I am trying to follow the computation of EKF presented in this paper http://citeseerx.ist.psu.edu/viewdoc/download;jsessionid=C9CB210A45F0D7ED5CA7DE174F1A5490?doi=10.1.1.681.8390&rep=rep1&type=pdf (p.16-18), with the only difference that my system state does not include the acceleration, so it is a $4×1$ matrix:
$$x_x(t) = \begin{bmatrix}
x(t) \\
v_x(t) \\
y(t) \\
v_y(t)
\end{bmatrix} $$
where $x(t)$ and $y(t)$ are the cartesian coordinates and $v_x(t)$ and $v_y(t)$ are the velocity components.
I have problem computing the State Estimate Update step (eq. 17 in the paper), where the measurement residual needs to be calculated.
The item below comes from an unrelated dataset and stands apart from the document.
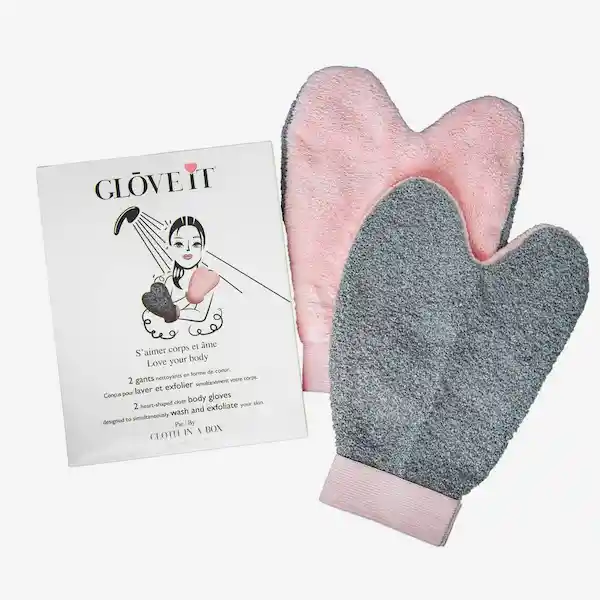 Cloth in a Box Guantes Para Ducha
According to the paper, the State Estimate Update is:
$$\hat{x}_x(k^{+}) = \hat{x}_x(k^{-}) + K(k)[z_{z}(k)-h(\hat{x}_x(k^{-}))]$$
where
$$z_z(k) = \begin{bmatrix}
z_x(k) \\
z_y(k)
\end{bmatrix},
$$
where $z_x(k)$ and $z_y(k)$ are the measurements of $x$ and $y$ positions and
$$
h(x_x(k)) = \begin{bmatrix}
x(k) &0 &0 &0 \\
0 &0 &y(k) &0
\end{bmatrix}. $$
$K(k)$ is the Kalman Gain, which in my case is a $4×2$ matrix.
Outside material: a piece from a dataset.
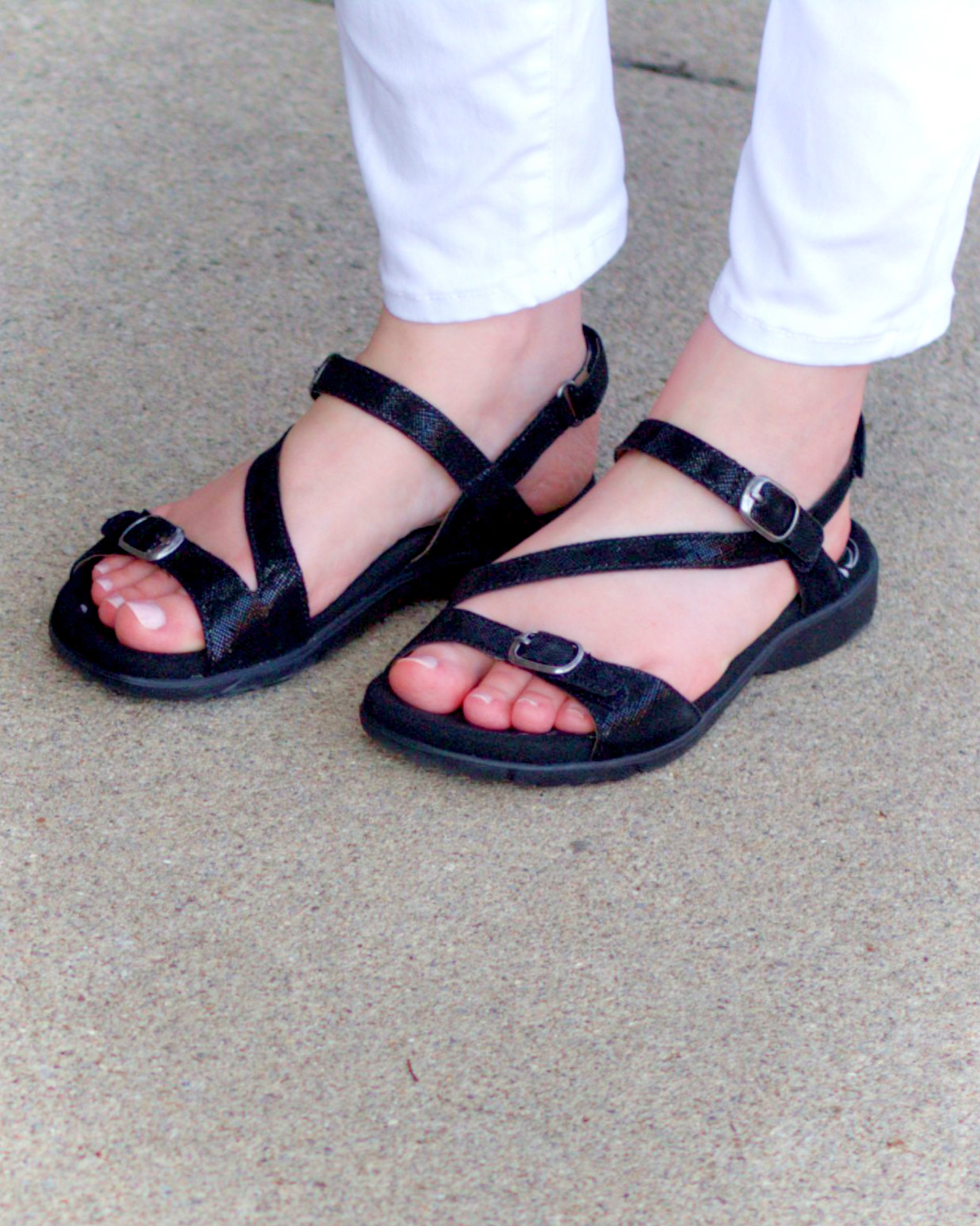 Black Sandals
My question is, how do I subtract $h(\hat{x}_x(k^{-}))$ which is a $2×4$ matrix from $z_z(k)$, which is a $2×1$ matrix?
If I am not mistaken, the result of $K(k)[z_{z}(k)-h(\hat{x}_x(k^{-}))]$ needs to be a $4×1$ matrix so that I can later add it to the previous estimate $\hat{x}_x(k^{-})$, which is also $4×1$.
Best Answer
I suspect it is a mistake and the actual equation should have been
$$ h(x(k)) = \begin{bmatrix} 1 & 0 & 0 & 0 & 0 & 0 \\ 0 & 0 & 1 & 0 & 0 & 0 \end{bmatrix} x(k). $$
In this case equation $(9)$ would also make more sense. So in your case it would be
$$ h(x(k)) = \begin{bmatrix} 1 & 0 & 0 & 0 \\ 0 & 0 & 1 & 0 \end{bmatrix} x(k). $$